Chief Lynda Price said the UFN Elders’ executive council was concerned about the poor health and condition of the feral horses.
“It appeared that no one was looking after the horses and they were running at large,” said Price, who along with UFN councillors Mabelen Leon, Laurie Vaughan, Stella West, Allen Louie and Charlie William passed the UFN Animal Control Act Bylaw in September 2019.
A year and a half later they are seeing results.
In February 2021, the UFN Feral Horse Project was launched with Leslie Witt as the co-ordinator and Darren Sulin as lead horse wrangler.
“They began the long, arduous task of rounding up feral horses,” Price said, noting corrals for holding horses were built and catch pens were repaired and the UFN community was provided information through handouts and online presentations.

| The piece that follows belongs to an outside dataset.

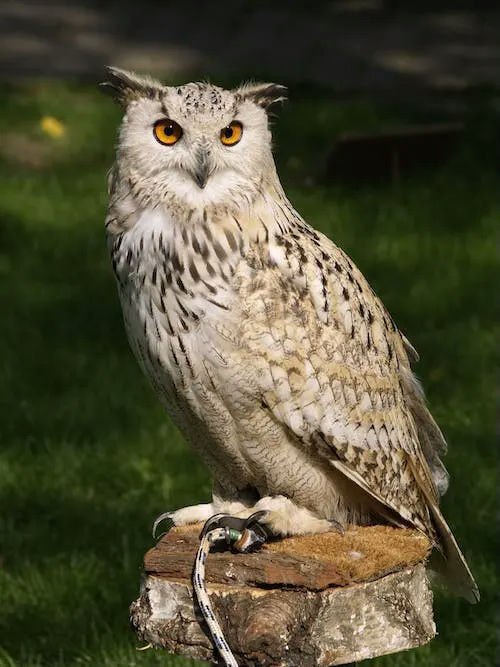 owl gifts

The horses were rounded up, then placed in a pen to determine if they belonged to anyone. Unclaimed horses were shipped for sale and photographs were taken of the horses for future reference, with information circulated to the UFN community about horse ownership and identification for future reference.
Of the 45 feral horses, nine were re-homed, eight belonged to community members and were returned to them, one had to be euthanized due to an old injury from a broken and dislocated leg and 27 were sent to a horse sale.

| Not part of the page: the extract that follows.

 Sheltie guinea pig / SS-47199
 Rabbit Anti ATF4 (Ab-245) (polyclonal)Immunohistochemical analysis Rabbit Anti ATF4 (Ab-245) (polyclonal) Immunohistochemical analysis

One of the challenges was locating hay to feed the horses.
Chief Price said increased amounts of rain during the summer on the plateau hindered the ability of ranchers to maintain their hay supply.
“This is another important reason we need an access road to Vanderhoof in the north for locals to get their hay supply for the winter. Lately, we have had summers where local ranchers cannot put up their hay.”

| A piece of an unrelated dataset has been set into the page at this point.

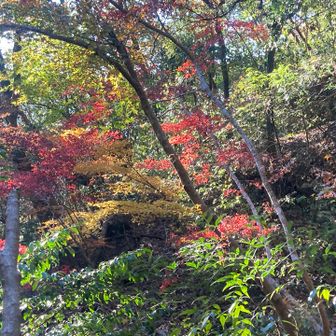 まだ緑色なのもあるけど、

Price noted the elders have great respect for the horses.
They utilized them for many purposes such as transportation — sleighs in the winter and wagons in the summer, hunting and trapping, tourism — pack trips and trail riding, ranching — haying, fencing, education for youth about responsibility and of course, sports such as competition in gymkhana and other ranch operation events like roping to tag the calves and round up for shipping in the fall, she said.
“I grew up on a ranch and I know you get very attached to your horses.”
Expressing gratitude to everyone involved in the project, Price thanked Witt, Billie Jean Graham, community co-ordinator, wranglers: Sulin, Howard and Amanda Lulua and Robert Graham, Henry and Aileen Lampert, horse loaders and snow removers, David Dorsey and Clint Fraser, snow removers, Wayne Murray, tractor and trailer for hauling hay, Wade McNolty, stockyards, Beau Mecham, transportation, Roy Graham, hay supply, Dave and Patti Jorgensen, equipment for fencing, Conrad Cofre, resource manager with the Ministry of Forests, Lands, Natural Resource Operations and Rural Development, and Steve James, CEO WCFP, management, and all the boots on the ground who provided a helping hand — Russell Cahoose, David Graham and Chevy Hennigar.
Price said she and council believe a big part of healing in the UFN community includes utilization of horses in healing programs.
“UFN members that are interested in creating youth programs are asked to please come forward and support the UFN youth by sharing their talent in this area,” she added. “We lift our hands to our neighbours, the Xeni Gwet’en, who are also involved in a feral horse program.”